Gelet op het voorgaande en uit een oogpunt van normhandhaving en vergelding
acht het hof een taakstraf van 200 uren, subsidiair 100 dagen hechtenis, waarvan 100 uren, subsidiair 50 dagen hechtenis passend. Met een deels voorwaardelijke straf beoogt het hof verdachte ervan te weerhouden om in de toekomst wederom een dergelijk feit te begaan. Het volstaan met een werkstraf van 100 uren, zoals gevorderd, doet naar het oordeel van het hof geen recht aan de ernst van het feit.
Schending redelijk termijn
Het hof heeft geconstateerd dat sprake is geweest van schending van de redelijke termijn in eerste aanleg die niet is gecompenseerd door een voortvarende behandeling in hoger beroep. Gelet op de straf die het hof aan verdachte oplegt, kan met constatering van deze termijnoverschrijding worden volstaan.

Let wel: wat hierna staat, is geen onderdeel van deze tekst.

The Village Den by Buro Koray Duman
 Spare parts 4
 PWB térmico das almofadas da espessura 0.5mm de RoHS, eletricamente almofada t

Toepasselijke wettelijke voorschriften

Het hof heeft gelet op de artikelen 14a, 14b, 14c, 22c, 22d, 63 en 321 van het Wetboek van Strafrecht.
Deze voorschriften zijn toegepast, zoals zij golden ten tijde van het bewezen verklaarde.

BESLISSING

Het hof:
Vernietigt het vonnis waarvan beroep ten aanzien van de opgelegde straf en doet in zoverre opnieuw recht.
Veroordeelt de verdachte tot een
taakstrafvoor de duur van
200 (tweehonderd) uren, indien niet naar behoren verricht te vervangen door
100 (honderd) dagen hechtenis.
Bepaalt dat een gedeelte van de taakstraf, groot
100 (honderd) uren, indien niet naar behoren verricht te vervangen door
50 (vijftig) dagenhechtenis, niet ten uitvoer zal worden gelegd, tenzij de rechter anders mocht gelasten omdat de verdachte zich voor het einde van de proeftijd van
2 (twee) jarenaan een strafbaar feit heeft schuldig gemaakt.
Beveelt dat de tijd die door de verdachte vóór de tenuitvoerlegging van deze uitspraak in enige in artikel 27, eerste lid, of artikel 27a van het Wetboek van Strafrecht bedoelde vorm van voorarrest is doorgebracht, bij de uitvoering van de opgelegde taakstraf in mindering zal worden gebracht, volgens de maatstaf van twee uren taakstraf per in voorarrest doorgebrachte dag, voor zover die tijd niet reeds op een andere straf in mindering is gebracht.
Bevestigt het vonnis waarvan beroep voor het overige, met inachtneming van het hiervoor overwogene.
Aldus gewezen door
mr. A.J. Rietveld, voorzitter,
mr. M.C. Fuhler en mr. J.A.A.M. van Veen, raadsheren,
in tegenwoordigheid van mr. A. Dörholt, griffier,
en op 7 augustus 2019 ter openbare terechtzitting uitgesproken.
Mr. J.A.A.M. van Veen is buiten staat dit arrest mede te ondertekenen.